“Weren’t you ever brought here when you did escort work?” I say.
She shakes her head. “I never got the top punters. They went to the girls who spoke plummy.” She gulps some champagne before adding: “I got taken to the Strand Palace once.”
The Strand Palace no doubt gets the thumbs-up approval it deserves in the AA Guide, but it’s hardly sharing a five-star rating with the Ritz.
I don’t laugh. I don’t make some snotty remark. I just look polite and say nothing.
“I always dreamed I’d get to the Ritz one day,” says Susanne. “I like dreams. It’s dreams that keep you going.”
“Right. I dream of buying my own boat and sailing away into a golden sunset.”
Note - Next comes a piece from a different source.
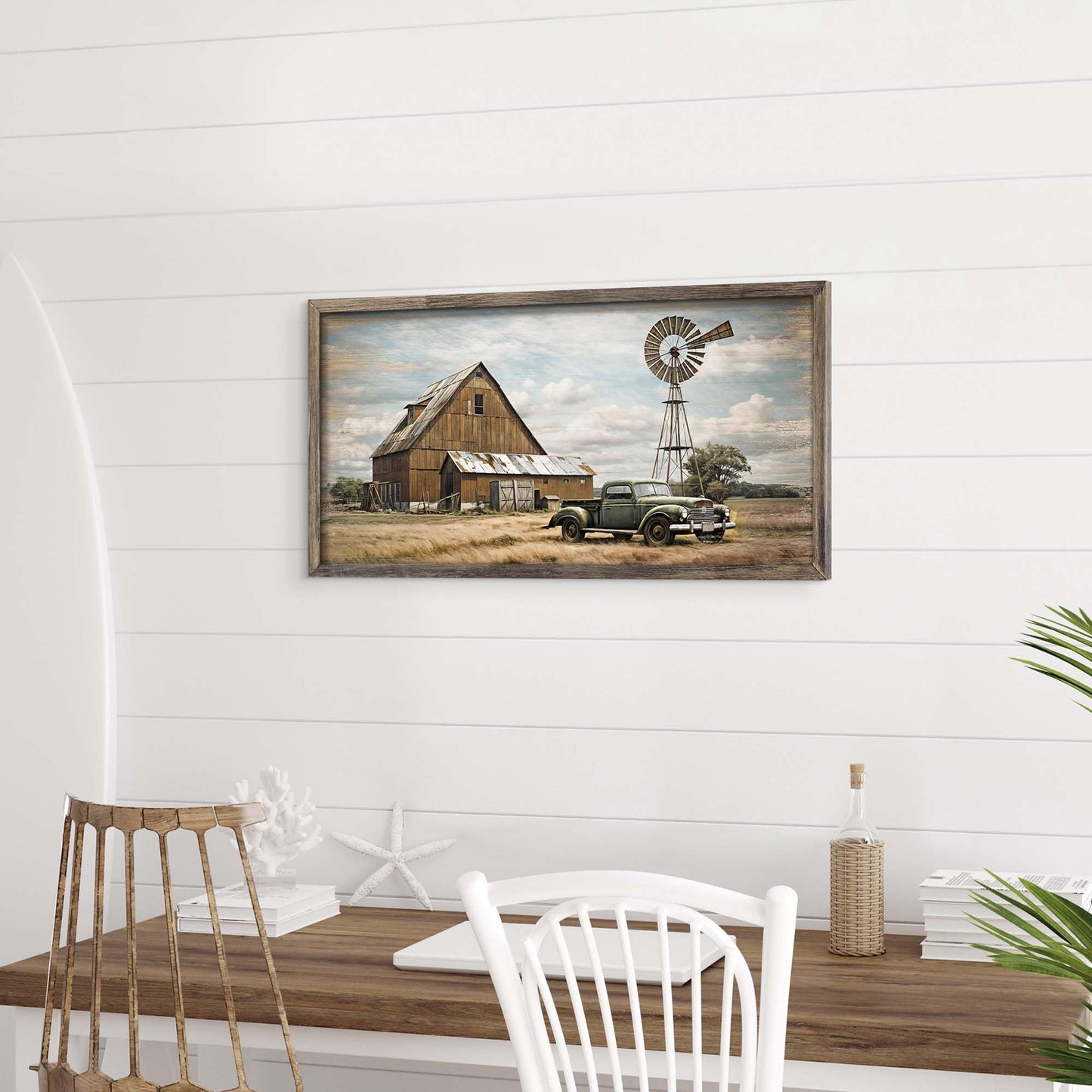 Farmhouse Barn Wood Wall Art: Framed Rustic Farm House Windmill Retro Truck Countryside Old Car Landscape Prints Picture Decor for Bedroom Bathroom Home Office 24" x 12"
We don’t say much more, and finally we stream out, leaving behind a trail of open mouths, fractured conversations and an atmosphere humming with pushbutton lust. Outside we turn to look at each other and I know we’re sharing the same amusement.
We giggle like a couple of schoolkids.
Then we set off for the Savoy.
Parking’s tough in that area at night as the Strand’s part of theatreland, so I decide to leave the car in the Savoy’s garage. I’m spending money like water, but I tell myself I shouldn’t grudge a penny of it. This girl’s got me out of a very tight corner.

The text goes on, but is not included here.